585 BC: Thales of Miletus (c. 625- c. 547), a Greek, predicted a solar eclipse in Asia Minor purely on the basis of his observations and calculations. It was not a lucky guess!
c. 400 BC: the astronomer Oenopedes (5th. century). also a Greek, announces that the Earth is tilted on its axis with respect to the Sun.
352 BC: the Chinese report what they called a ‘guest star’, a supernova, which was the earliest reported sighting.
340 BC: The astronomer, Kidinnu (b. Babylon c. 379 BC) discovers the precession of the Equinoxes, ie the apparent change in the position of the stars caused by the Earth’s wobbling on its axis.
c. 300 BC: a ‘committee’ of Chinese astronomers compile star maps of the visible universe.
c. 240 BC: Chinese astronomers observe and make notes about Halley’s Comet. Also Eratosthenes of Cyrene (c. 276 – c.194 BC), a Greek, correctly calculate the Earth’s dimensions.

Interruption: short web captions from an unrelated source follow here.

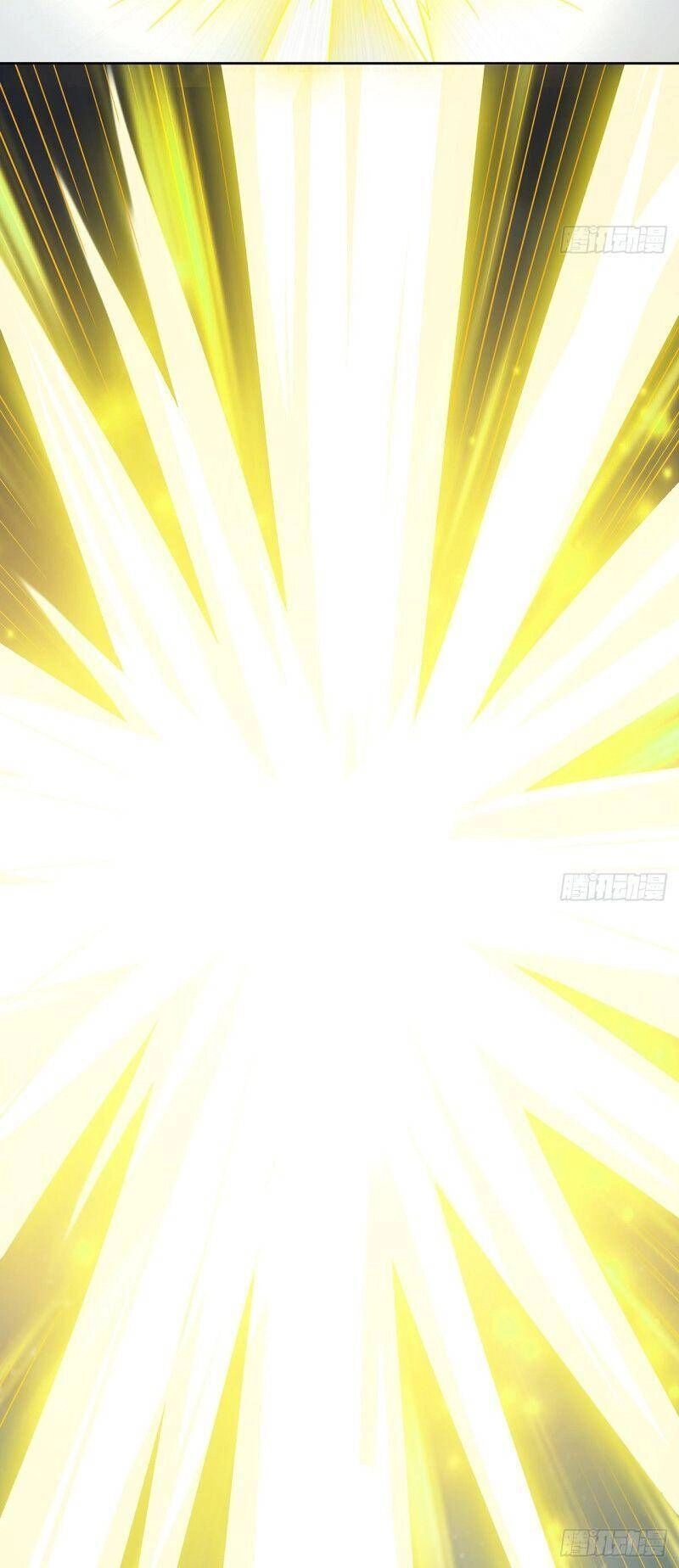 Nghịch Lân Chapter 112 - 34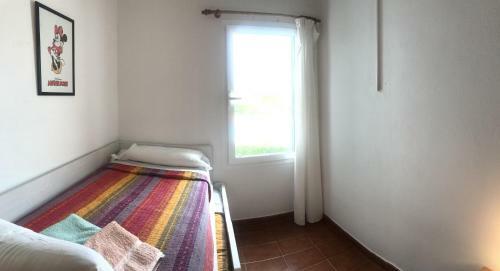 Apartamento Costa Arenal Con Vistas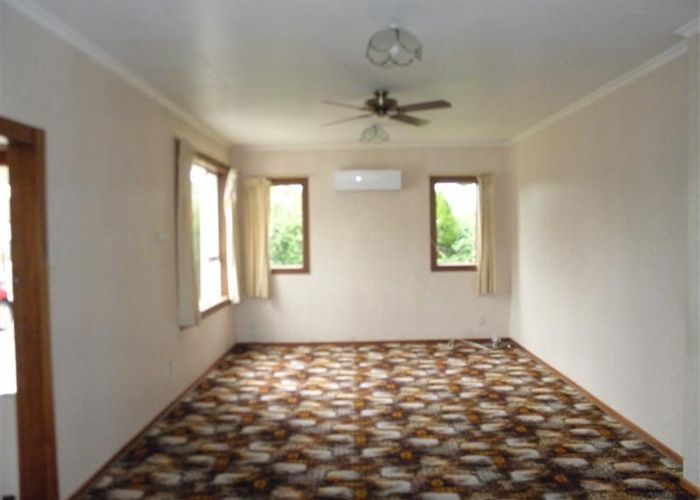  at 110 Lorn Street, Richmond, Invercargill, Southland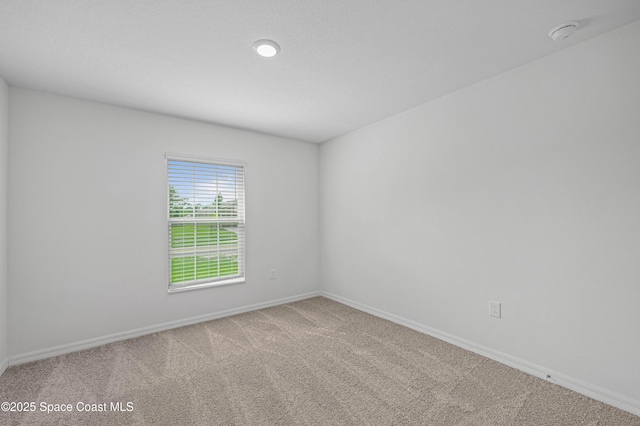 962 Caligula Ave SE, Palm Bay, FL 32909 - photo 16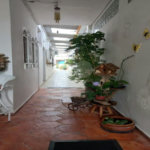Casa à venda com 3 quartos, sendo 2 suítes, em Jardim Oriental, São Paulo, SP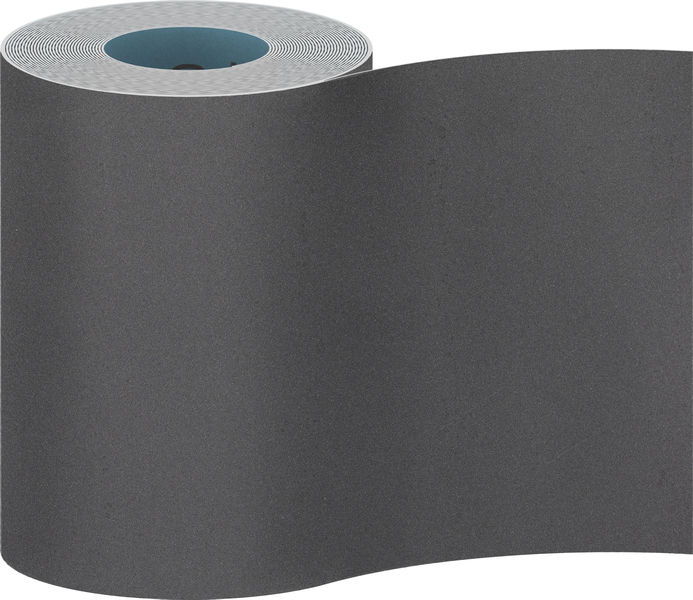 PRO C355 Schleifrolle, 93 mm, 5 m, G240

165 BC: Chinese astronomers notice sunspots for the first time.
c. 130 BC: the astronomer Hipparchus of Nicea (b. 147 BC), a Greek, correctly calculates the distance to the Earth’s Moon and also rediscovers the precession of the Equinoxes.
You will see from the dates above that clearly not everyone let nature and the stars govern their lives, as the common farmer or hunter did. Some men actually put pen to paper, but before pen and paper even existed, and tried to work out ‘why these manifestations took place?’.
These people must have been remarkable men to have worked these measurements out by calculation, observation by the naked eye and rationalization alone.